Given information:
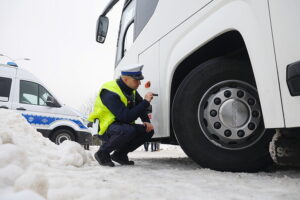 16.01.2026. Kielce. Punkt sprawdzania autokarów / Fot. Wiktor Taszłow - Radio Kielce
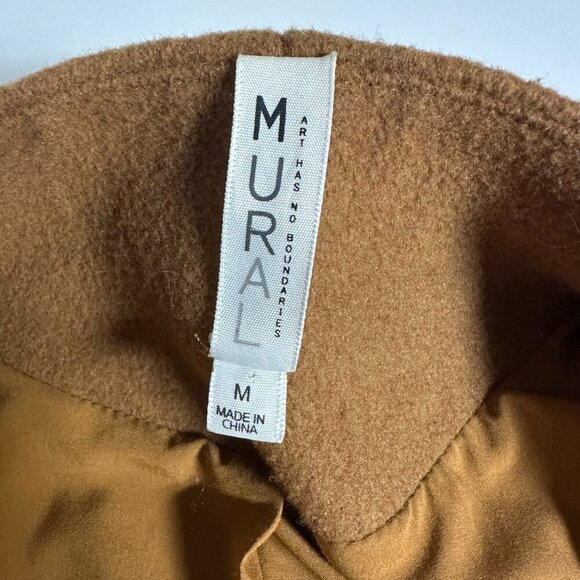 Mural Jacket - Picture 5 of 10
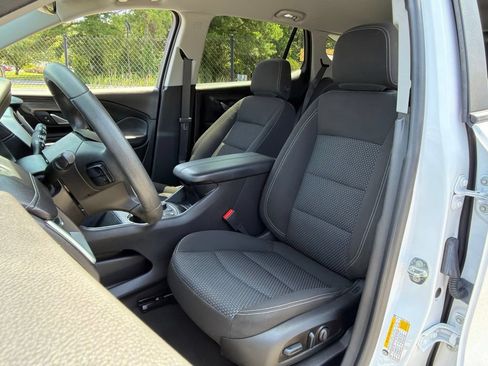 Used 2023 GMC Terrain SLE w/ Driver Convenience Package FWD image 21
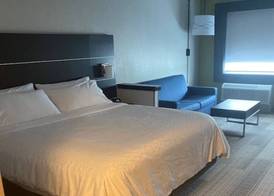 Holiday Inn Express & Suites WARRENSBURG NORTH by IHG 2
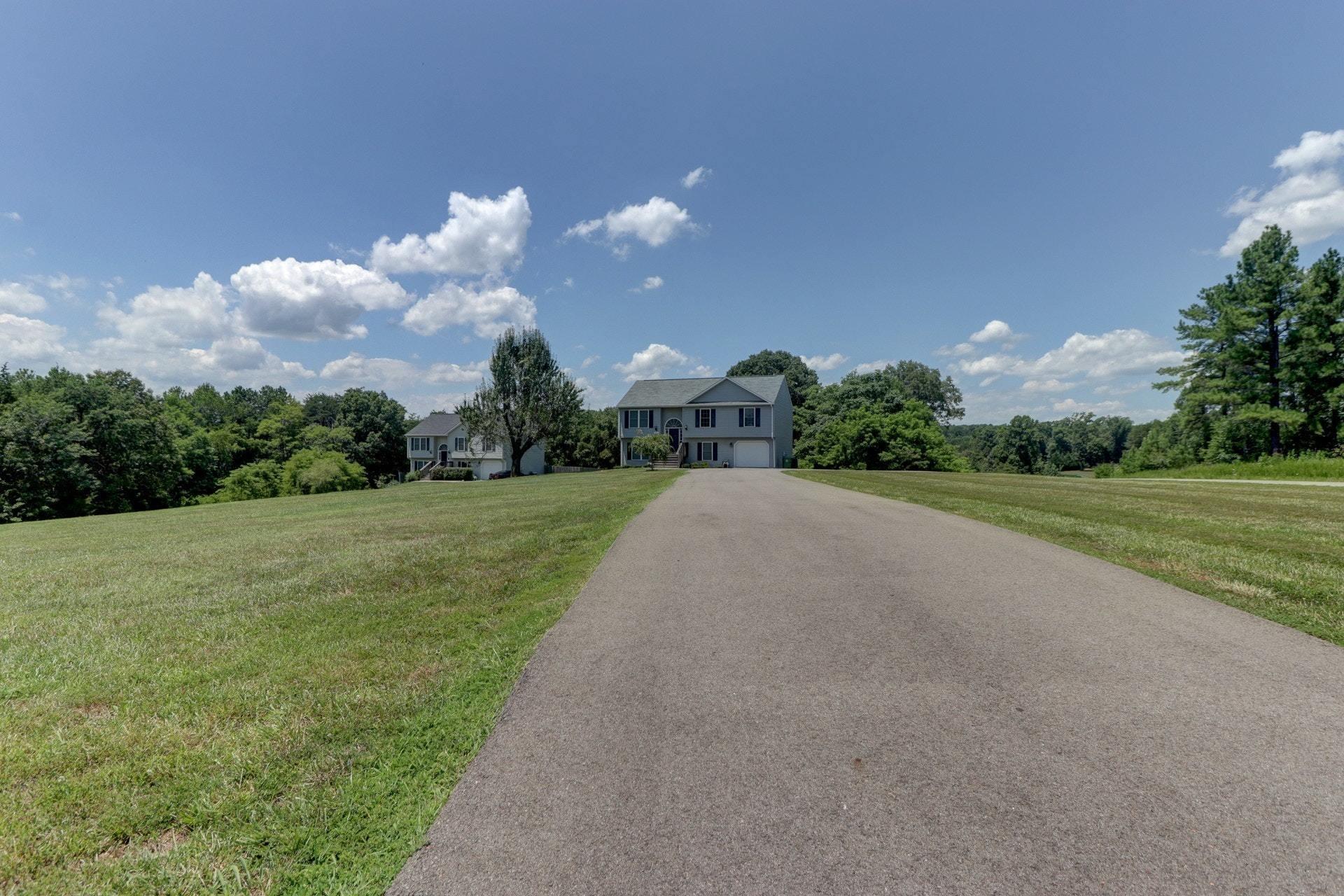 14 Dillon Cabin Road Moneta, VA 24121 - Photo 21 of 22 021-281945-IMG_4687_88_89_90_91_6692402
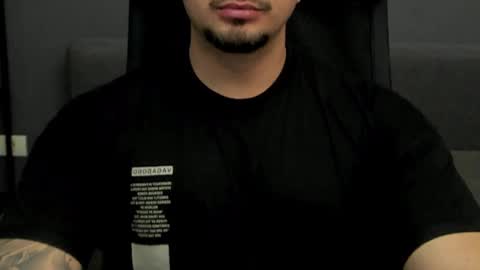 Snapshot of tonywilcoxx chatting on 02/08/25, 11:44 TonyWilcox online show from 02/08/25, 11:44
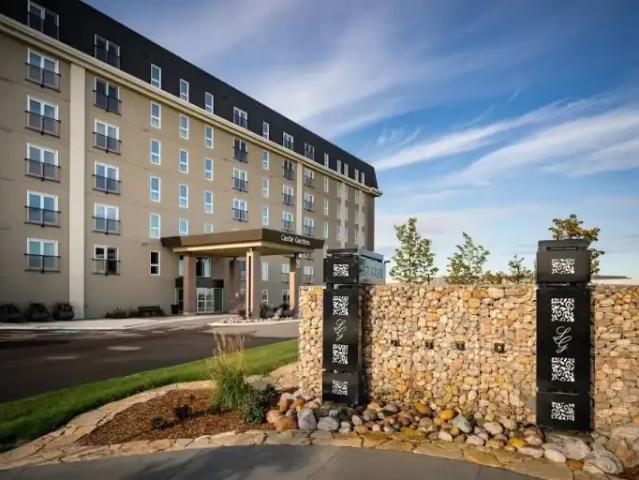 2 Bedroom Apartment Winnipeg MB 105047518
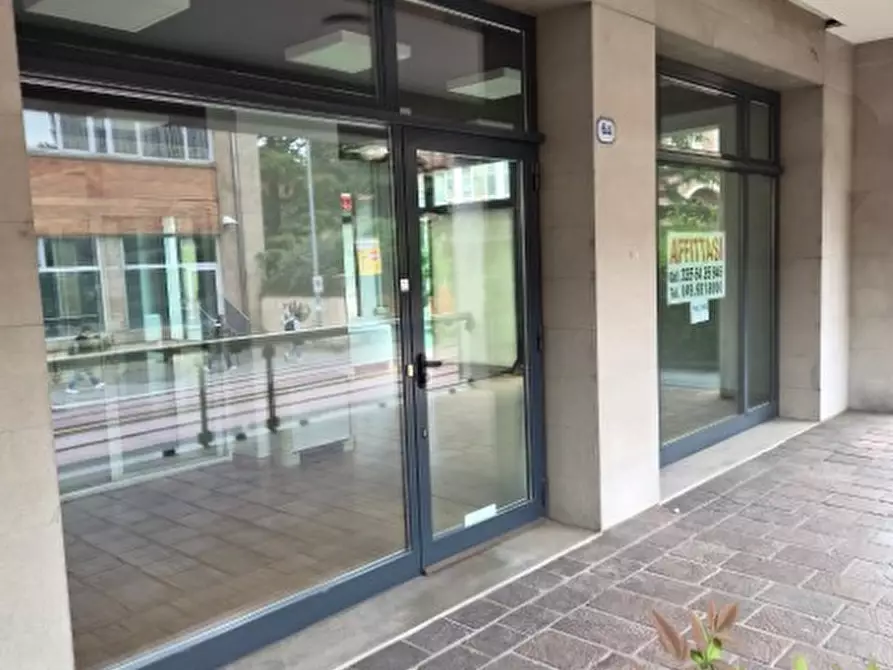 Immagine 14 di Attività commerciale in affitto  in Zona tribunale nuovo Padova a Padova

Work required: Starting at the line with "2 Bedroom Apartment Winnipeg MB 105047518", reproduce exactly each line through the end of the entries, including the first and the last, and skip the pictures.

Answer section:
 2 Bedroom Apartment Winnipeg MB 105047518
 Immagine 14 di Attività commerciale in affitto  in Zona tribunale nuovo Padova a Padova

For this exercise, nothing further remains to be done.